Ultimately, increasingly higher pressures result in increasingly decreased
fluid displacements in the compression chamber.
In accordance with a fourth aspect of the invention, the compressor
mechanism for an inflator is the same as above, however, the displacement
control valve is different. Here, the displacement control valve is an
expanded portion on the cylinder which extends from an end of the cylinder
a desired distance on the cylinder. In the cylinder first position, the
expanded portion is located below a bottom dead center position of the
piston during cycling of the piston. In the cylinder second position, the
expanded portion is positioned above the bottom dead center position of
the piston cylinder during cycling of the piston. Accordingly,
increasingly higher pressures result in increasingly decreased
displacements.
Additional objects and advantages of the invention will be apparent from
the detailed description of the preferred embodiment, the appended claims
and accompanying drawings, or may be learned by practice of the invention.
BRIEF DESCRIPTION OF THE DRAWINGS
The accompanying drawings, which are incorporated in and constitute a part
of the specification, illustrate two embodiments of the present invention
and, together with the description, serve to explain the principals of the
invention. In the drawings, the same reference numerals indicate the same
parts.
FIG. 1 is a side plan view of an inflator in accordance with the present
invention.
FIG. 2 is a side plan view partially in cross-section of FIG. 1.
FIG. 3 is a cross-sectional view of FIG. 2 along line 3--3 thereof.
FIG. 4 is an enlarged view of the compressor of FIG. 1 in a low pressure
condition with the piston at a bottom dead center position.
FIG. 5 is a view like that of FIG. 3 in a high pressure condition.
FIG. 6 is a cross-sectional view like that of FIG. 3 of a second embodiment
of the present invention in a low pressure condition.
FIG. 7 is a cross-sectional view like that of FIG. 5 in a high pressure
condition.
FIG. 8 is a plan view of the compressor of FIG. 1 with a pressure gage.
DETAILED DESCRIPTION OF THE PREFERRED EMBODIMENT
Turning to the figures, particularly FIG. 1, an inflator is illustrated and
designated with the reference numeral 10. The inflator 10 includes an
outer housing 12 and batteries 13. Also a valve connector 14 is
illustrated which is secured to a hose 16 which, in turn, is connected to
a compressor 18. Further, a storage compartment 20 is secured to the
housing 12 to store different types of air inflating devices such as
needles or the like.
Turning to FIG. 3, a cross-section view of the inflator 10 is shown.
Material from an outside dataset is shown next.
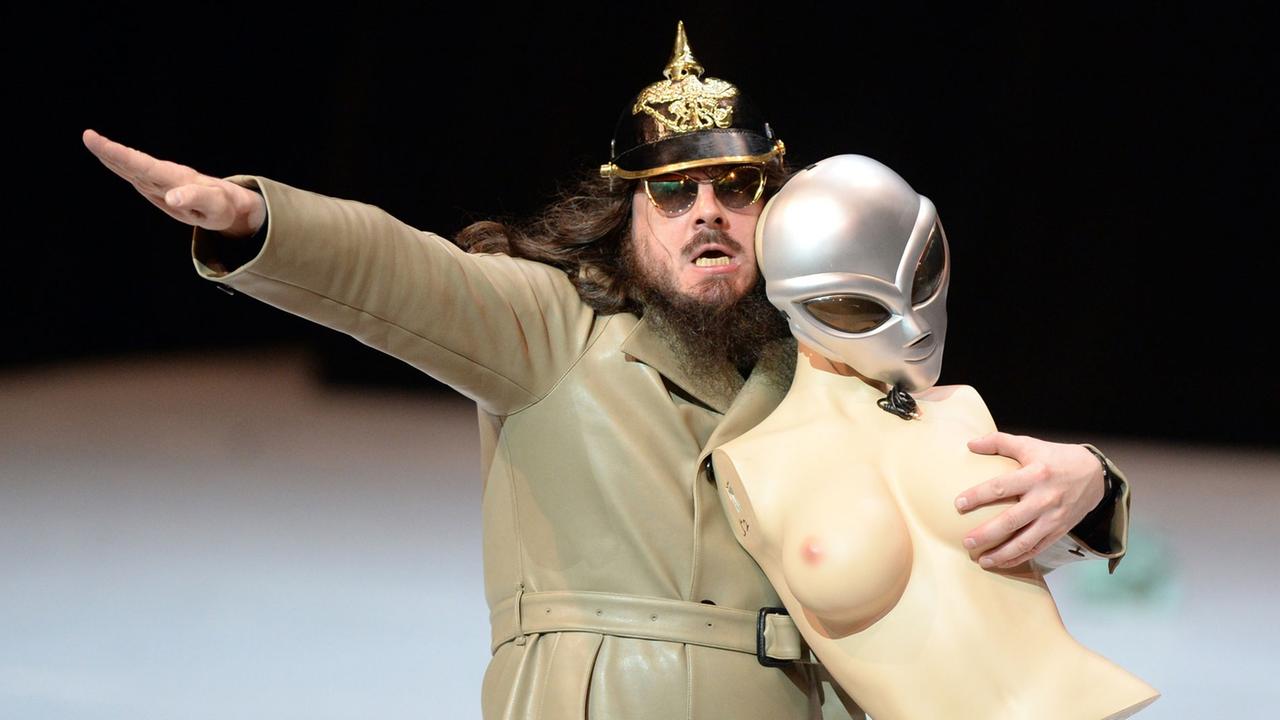 Der Künstler Jonathan Meese führt am 26.06.2013 im Nationaltheater Mannheim (Baden-Württemberg) das Stück "Generaltanz den Erzschiller" auf. Die Performance ist Teil der 17. Internationalen Schillertage. Der Künstler Jonathan Meese führt am 26.06.2013 im Nationaltheater Mannheim (Baden-Württemberg) das Stück "Generaltanz den Erzschiller" auf. Die Performance ist Teil der 17. Internationalen Schillertage.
The
batteries 13 are connected with an electrical connector 22 which includes
leads 24 and 26 which lead to a compressor motor 28 and an on/off switch
30, respectively. An additional lead 32 extends between the on/off switch
30 and the compressor motor 28. Accordingly, by moving the switch 30 from
an on to an off position, the batteries 13, which act as the power source,
deliver current to the motor 28 to energize the inflator 10.
The motor 28 includes a pinion 34 which is connected with a drive gear
train 36 which, in turn, is coupled with a crank 38. The crank 38 is
coupled with a piston rod 40 which includes a piston 42.
The compressor mechanism 18 includes an outer housing 44 which has a
cylindrical portion 46. A piston cylinder 48 is movably positioned within
the housing cylindrical portion 46. The piston cylinder 48 slides on an
air tube 50. The air tube 50 is coupled with an outlet fitting 52 which,
in turn, is coupled with hose 16. A helical spring 54 is positioned within
the housing 44 between the housing 44 and piston cylinder 48 around air
tube 50. The spring 54 exerts a force onto the piston cylinder 48.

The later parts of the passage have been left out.